ISIS, ISIL, Islamic State, Daesh: what’s in a name?

By December 3, 2015

Int’l (MNN/CU) — The group of Muslims attempting to set up an Islamic caliphate–a state where Islam rules over all lives–is known in the U.S. most often as ISIS. But Dr. Martin Spence, Cornerstone University Associate Professor of History, sees a world of differences in the names used to describe the terror group that kills Christians in ways experienced by the early Christian church.

While Islamic State is a name that is bandied about, it’s a term that politicians and diplomats steer clear of, Spence says.

“The claim to be a state is a place with government, borders, systems of laws, and that has international recognition. It can participate in diplomacy and make deals and such,” he explains.

Although Islamic State has internal laws and brutal justice for those who break them, they
don’t actually fit the definition of a state.

islamic state

(Wikipedia)

“And of course ISIS has carved this territory out of two existing states: Iraq and Syria,” Spence says. “Their claim to be a state is a controversial one because no one recognizes it as one.”

While politicians bristle when ISIS is called Islamic State, the term “ISIL” irritates the indigenous people who are trying to keep ISIS out of their back yard.

While the term “Islamic State” has political ramifications, the terms “ISIS” and “ISIL” are more geographic in nature.

“The Levant is the term for the Eastern part of the Mediterranean, and it’s been called that since Roman times,” Spence said. The Levant is bigger than the actual area that ISIS currently controls, making their use of the term unnerving to neighboring states.

“It is basically stretching down from northern Syria, down through Lebanon, Israel, down to the Sinai peninsula in Egypt,” he said.
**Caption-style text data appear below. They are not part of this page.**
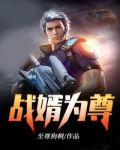 护国龙帅叶不凡徐小碗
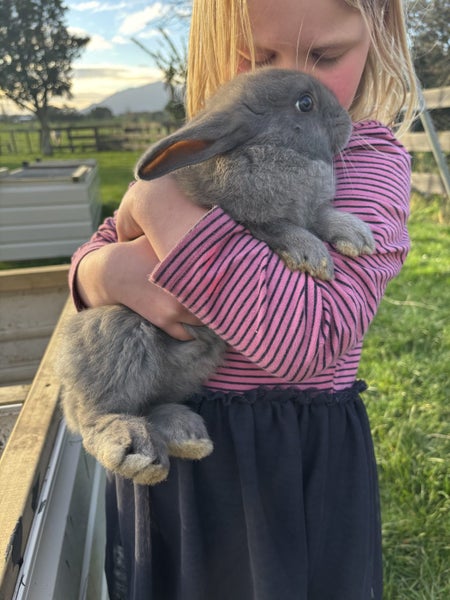 Purebred Flemish giant baby rabbits Carousel 2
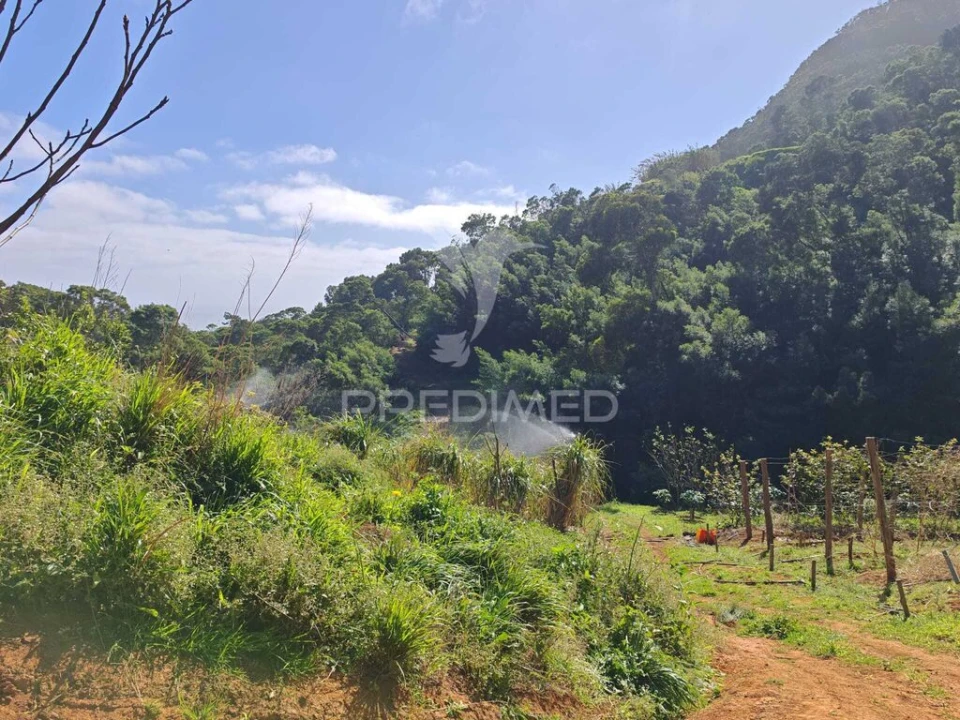 Terreno para Venda em Caniçal Foto 16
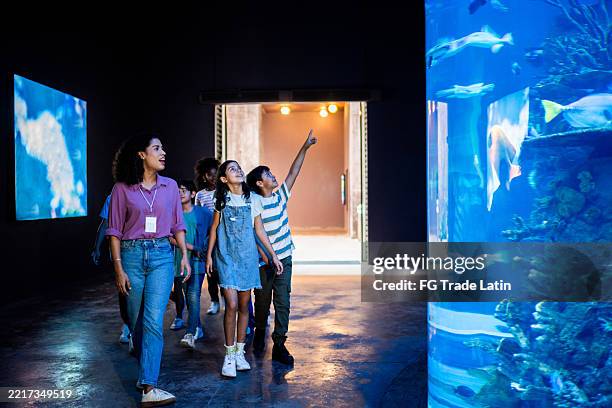 child students and teacher looking fishes on aquarium - aquarium stockfoto's en -beelden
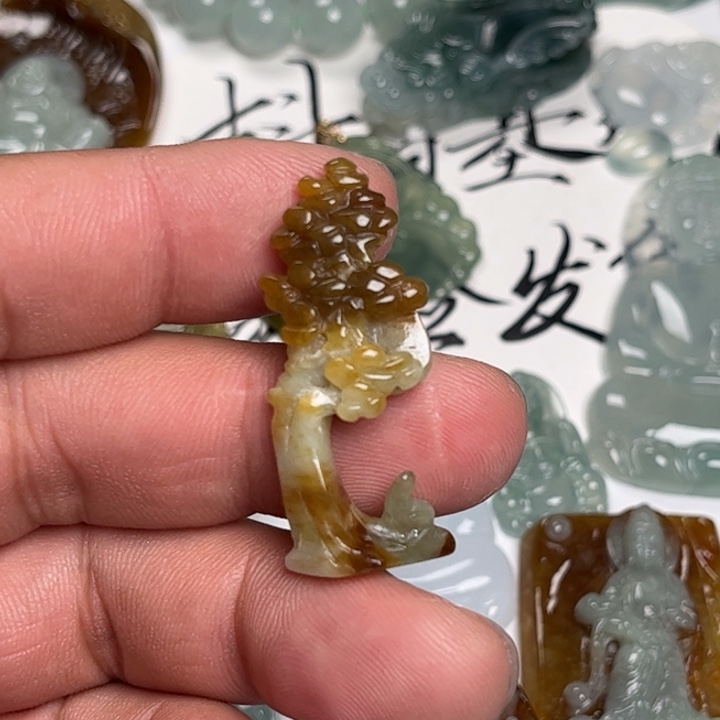 滕***翡翠未镶嵌颈饰发财树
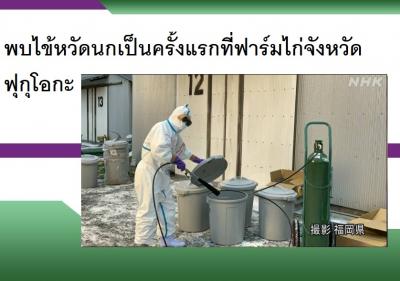 พบไข้หวัดนกเป็นครั้งแรกที่ฟาร์มไก่จังหวัดฟุกุโอกะ
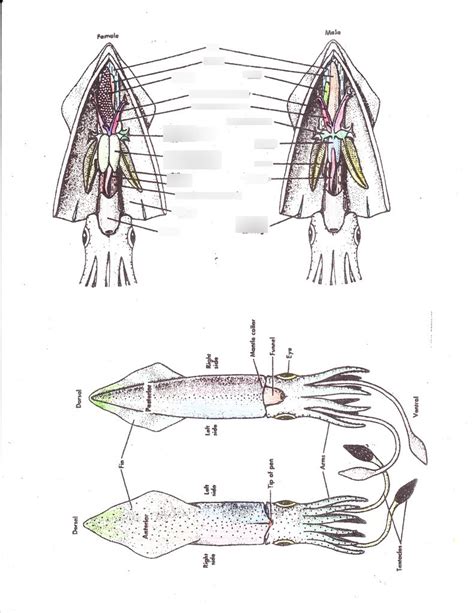 Squid Anatomy A All Diagram Quizlet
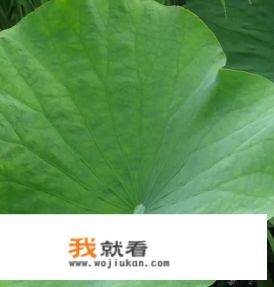 荷叶排骨的荷叶要焯水吗？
The Levant is a much broader area than is actually controlled by ISIS, but the term
“ISIS” is also deceptive.

While ISIS is an acronym for Islamic State of Iraq and Syria, and ISIS is currently occupying portions of Iraq and Syria, it may refer to an antiquated Syria. The Al-Sham or Greater Syria was an Ottoman province that covered an area similar in scope to the Levant. The ISIS name was first given to the group, which was among the insurgents who fought U.S. forces in Iraq, calling themselves Islamic State of Iraq (ISI) until their invasion of Syria.

For a time, ISIS organizers were calling themselves Daesh, a term picked up by John Kerry and the U.S. State Department but abandoned by ISIS.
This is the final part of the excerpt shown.